Indonesia Berpotensi Kehilangan Investasi Jika Minim Energi Baru Terbarukan

ANTARA FOTO/Abriawan Abhe
Sebuah kendaraan alat berat beroperasi di area pembangunan Pembangkit Listirk Tenaga Bayu (PLTB) di Desa Mattirotasi, Kabupaten Sidrap, Sulawesi Selatan, Selasa (28/11).
31/10/2024, 17.35 WIB

Lembaga Think Tank energi, Purnomo Yusgiantoro Center (PYC), menyatakan pengembangan energi baru terbarukan (EBT) di Indonesia menjadi pertimbangan perusahaan multinasional untuk berinvestasi di Indonesia. Perusahaan global bisa membatalkan investasinya jika sulit mengakses EBT di Indonesia.

Koordinator Peneliti PYC, Massita Ayu, mengatakan pengembangan EBT di Indonesia sangat diperlukan di tengah upaya perusahaan multinasional dalam memenuhi permintaan pasar ekspor yang mewajibkan penggunaan energi bersih.
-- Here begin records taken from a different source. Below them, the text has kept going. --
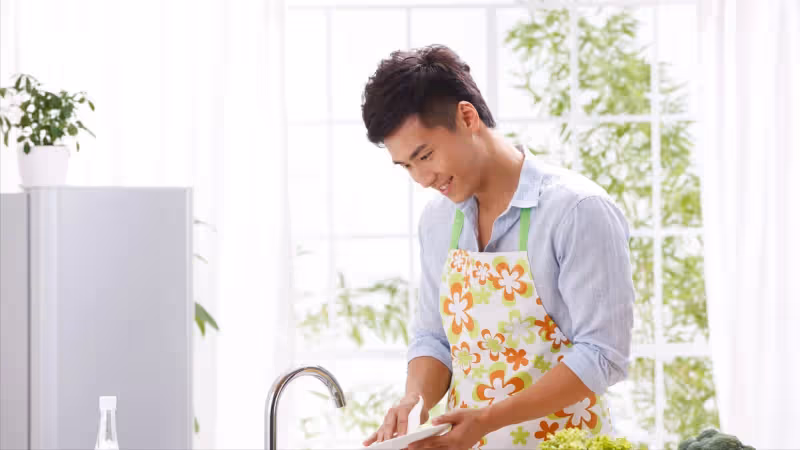 42歲保姆自述:僱主每月給我9000工資,卻要求我每天給她洗腳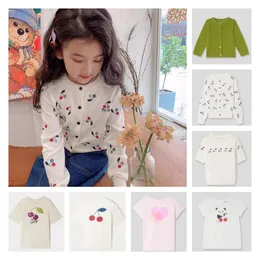 T Shirts 2023SS Little Cherry Girl Panda Lemon Breath Print Söt bomull Kort ärm T Shirt Topp 230303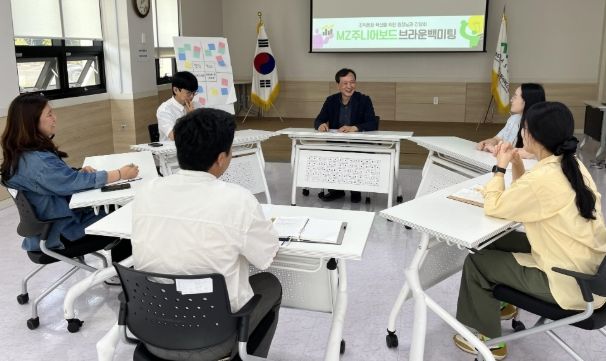 원장과 MZ주니어보드의‘조직문화 브라운 백미팅’개최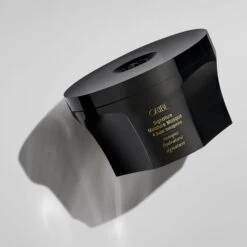 Oribe Signature Moisture Masque 6 Oribe Signature Moisture Masque -Oribe Beauty global images 811913018712 3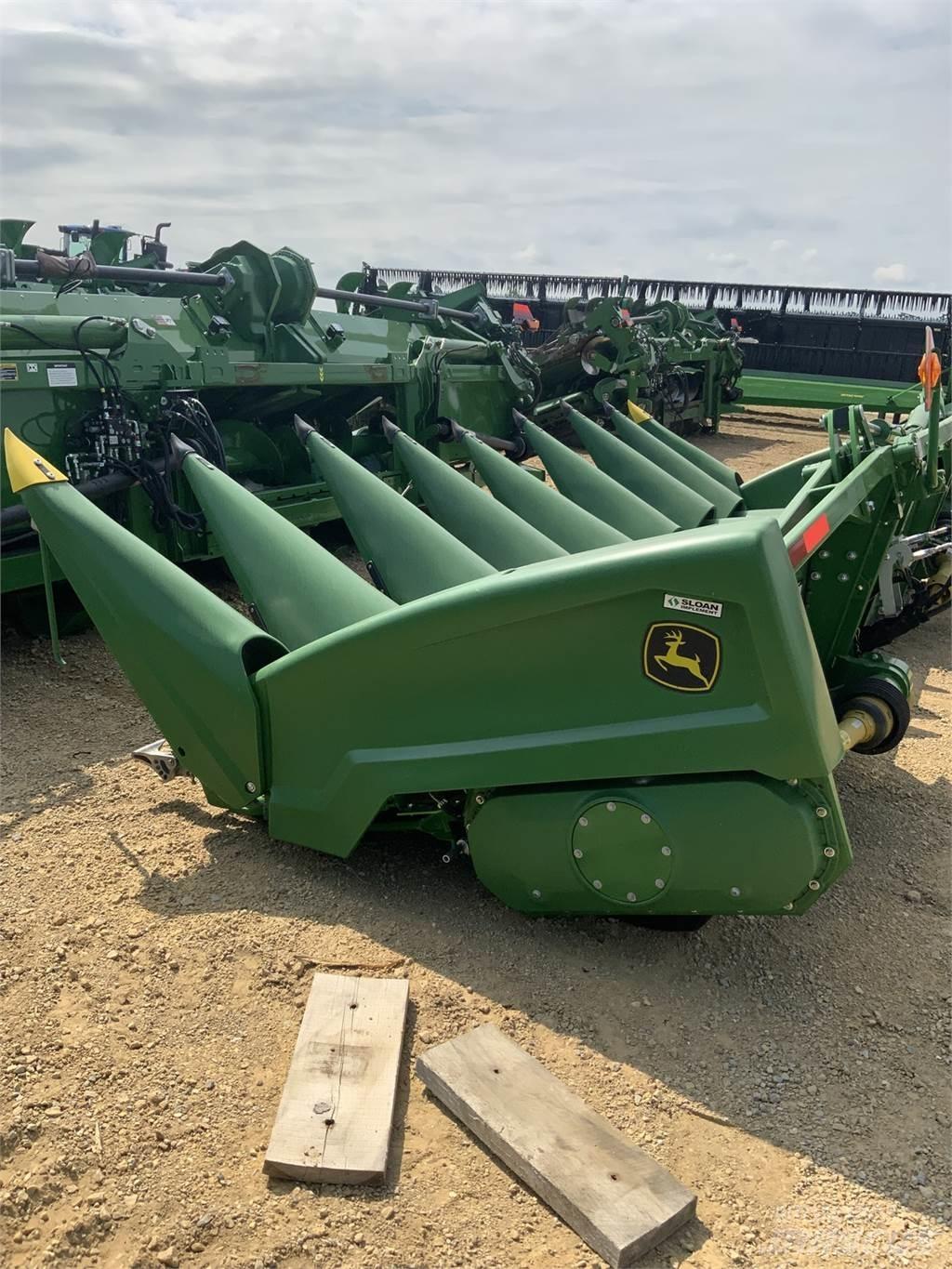 John Deere C8F Combine harvester spares & accessories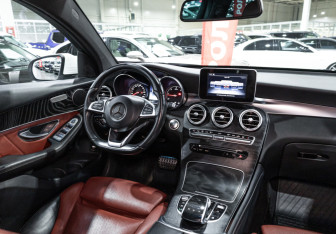 Подержанный автомобиль Mercedes-Benz GLC Coupe 2016 года (15 фото)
"Jadi potensi besar karena sekarang di industri, perusahaan multinasional banyak yang tergabung dalam RE (renewable energy) 100. Dimana industri yang berada dibawah mereka harus menggunakan energi bersih harus 100 persen itu," ujar Ayu dalam konferensi pers, di Jakarta, Kamis (31/10).

Ayu mengatakan terdapat beberapa perusahaan atau industri besar dunia yang gagal melakukan investasi di Indonesia karena tidak tersedianya listrik dari pembangkit EBT. Selain itu, perusahaan yang akan membangun pabrik di kawasan industri juga memaksa tersedianya energi bersih untuk operasional pabriknya.

"Kalau tidak bisa, mereka mengancam akan keluar dari Indonesia," ujarnya.

Menurutnya, hal tersebut terjadi karena penggunaan energi bersih bukan lagi menjadi pemanis bagi industri yang mengirim produknya ke beberapa negara di dunia. Industri yang tidak menggunakan energi bersih berpotensi menghadapi penolakan ekspor oleh beberapa negara di Eropa.

"Beberapa dari mereka, energi bersih adalah hidup dan mati karena kalau mereka tidak bisa 100 persen energi terbarukan, mereka tidak bisa ekspor ke negara tertentu," ucapnya.